◆ **What needs to be done**
Could you repeat the records below exactly, leaving the pictures out?
┄┄┄┄┄┄┄┄┄┄┄┄┄┄┄┄┄┄┄┄
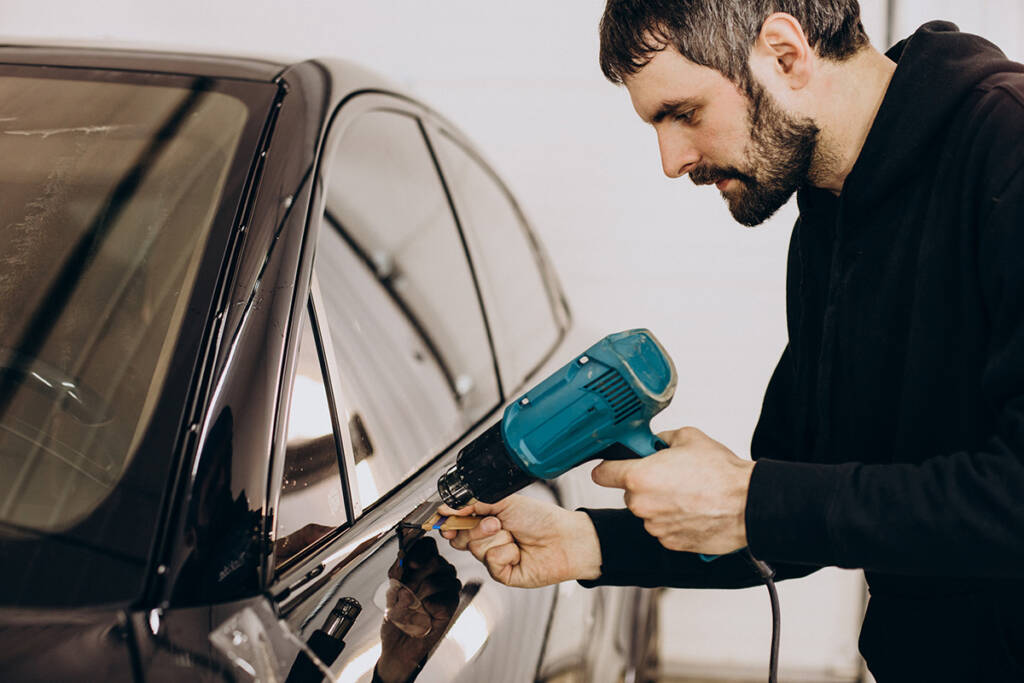 Automobile Side Glass: Common Problems, Fixes & Safety Insights 3 Automobile Side Glass: Common Problems, Fixes & Safety Insights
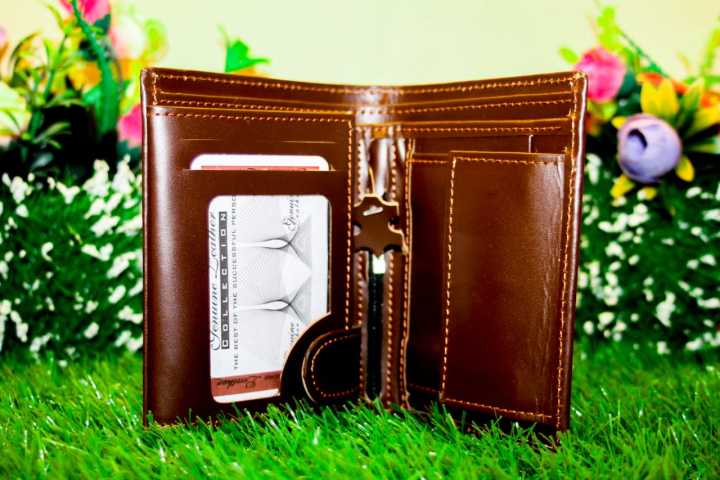 Men's%20Imperial%20Brown%20Genuine%20Leather%20Wallet%20-%20Elegant%20&%20Durable%20Aqama%20Style%20Design%20-%20Image%202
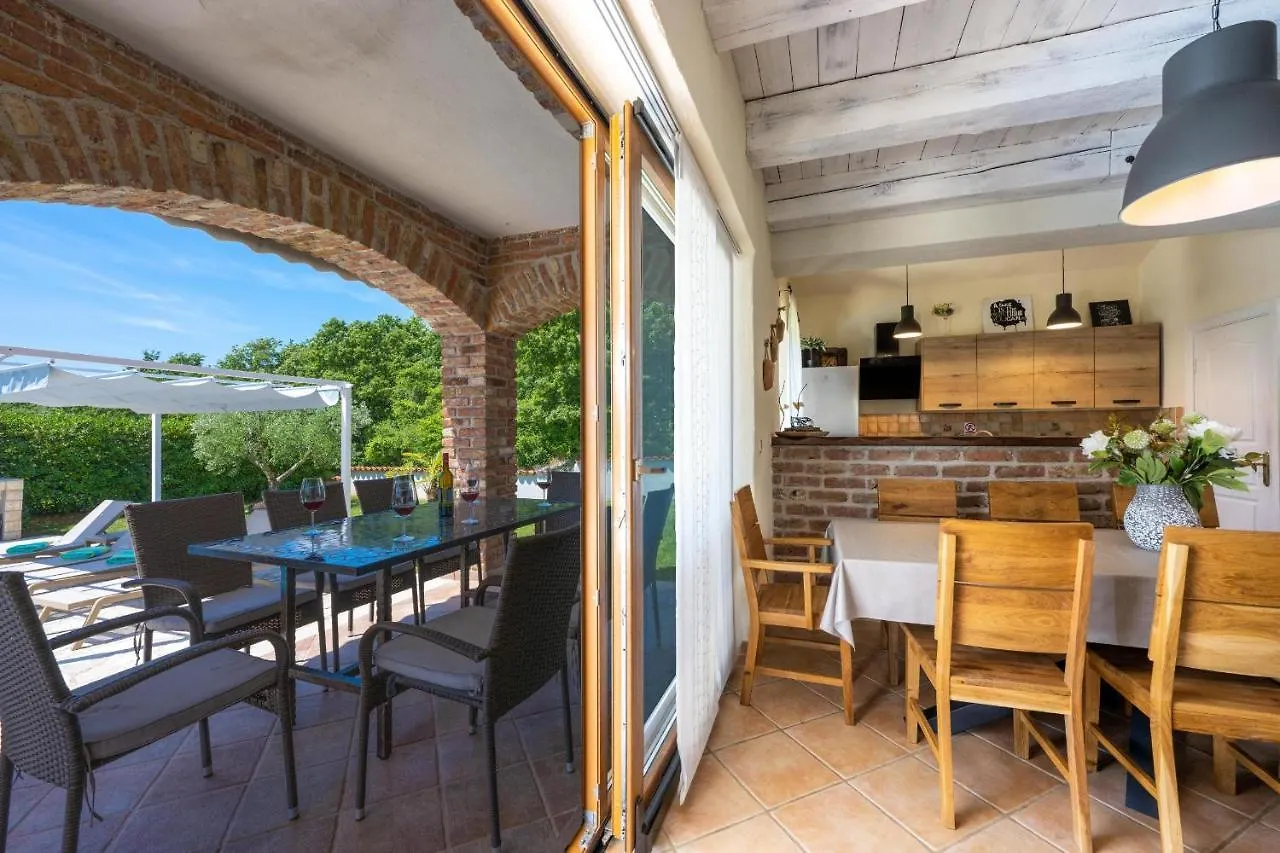 Paradis Villa Stone Queen With Heated Pool Butkovici   Butkovici (Istria)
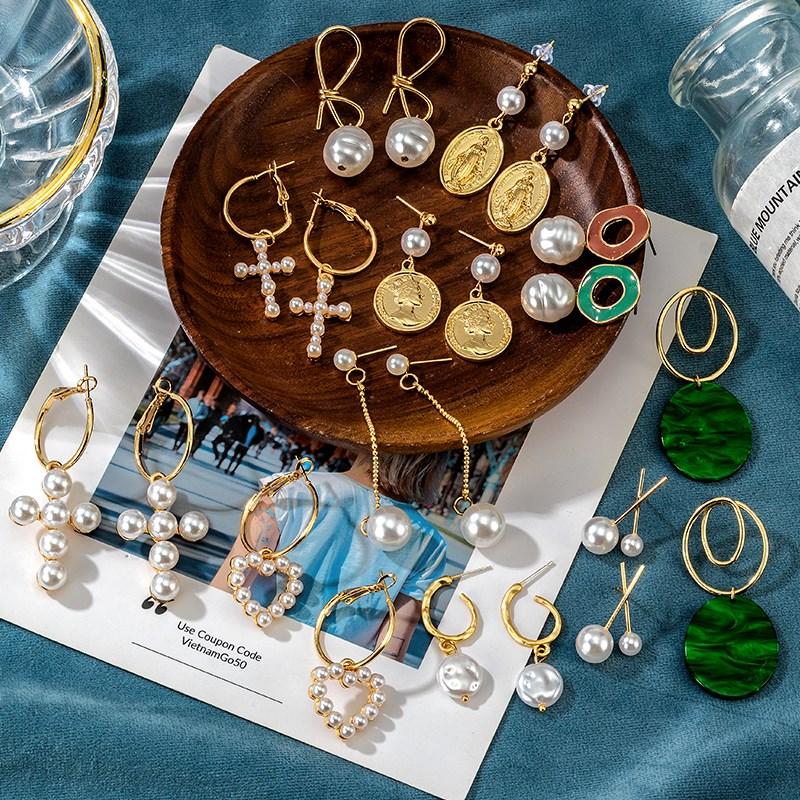 Dangle Earrings & Chandelier Fashion Gold Hoop Drop For Women Vintage Pearl Round Earring Circle Bohemia 2023 Trend Female JewelryDangle
Dangle Earrings & Chandelier Fashion Gold Hoop Drop For Women Vintage Pearl Round Earring Circle Bohemia 2023 Trend Female JewelryDangle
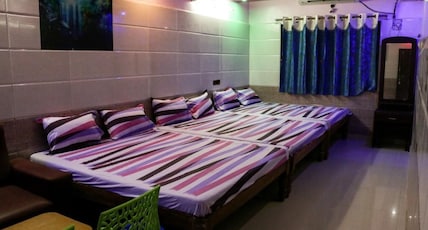 Hotel Sri Priya Lodge Room Type - FAMILY NON AC ROOM FOR 6 Hotel Sri Priya Lodge Room Type - FAMILY NON AC ROOM FOR 6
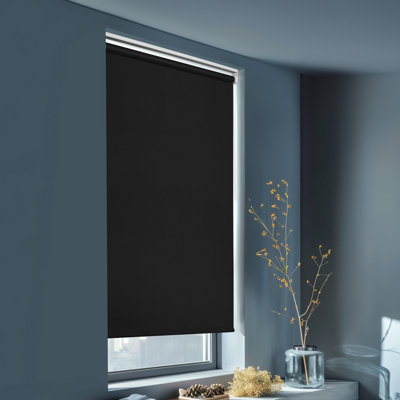Goodhome Boreas Corded Black Blackout Roller Blind (W)60Cm (L)180Cm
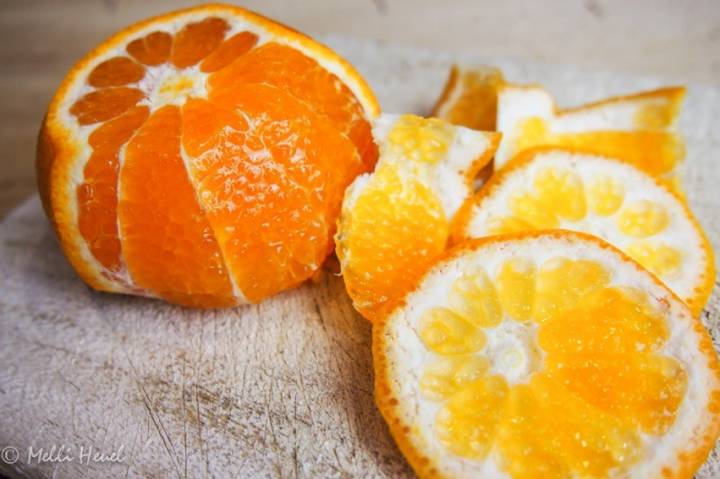 Die Säure der Clementinen passt hervorragend zur Süße des Desserts. Enfernt die Clementinenschale mit einem Messer, sodass die weiße Haut mitentfernt wird.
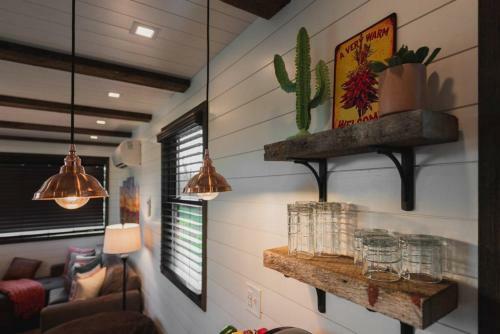 Beautiful New Container Home 12 Min. To Magnolia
┄┄┄┄┄┄┄┄┄┄┄┄┄┄┄┄┄┄┄┄
◆ **Solution for this problem**
 Automobile Side Glass: Common Problems, Fixes & Safety Insights 3 Automobile Side Glass: Common Problems, Fixes & Safety Insights
 Men's%20Imperial%20Brown%20Genuine%20Leather%20Wallet%20-%20Elegant%20&%20Durable%20Aqama%20Style%20Design%20-%20Image%202
 Paradis Villa Stone Queen With Heated Pool Butkovici   Butkovici (Istria)
 Dangle Earrings & Chandelier Fashion Gold Hoop Drop For Women Vintage Pearl Round Earring Circle Bohemia 2023 Trend Female JewelryDangle
Dangle Earrings & Chandelier Fashion Gold Hoop Drop For Women Vintage Pearl Round Earring Circle Bohemia 2023 Trend Female JewelryDangle
 Hotel Sri Priya Lodge Room Type - FAMILY NON AC ROOM FOR 6 Hotel Sri Priya Lodge Room Type - FAMILY NON AC ROOM FOR 6
Goodhome Boreas Corded Black Blackout Roller Blind (W)60Cm (L)180Cm
 Die Säure der Clementinen passt hervorragend zur Süße des Desserts. Enfernt die Clementinenschale mit einem Messer, sodass die weiße Haut mitentfernt wird.
 Beautiful New Container Home 12 Min. To Magnolia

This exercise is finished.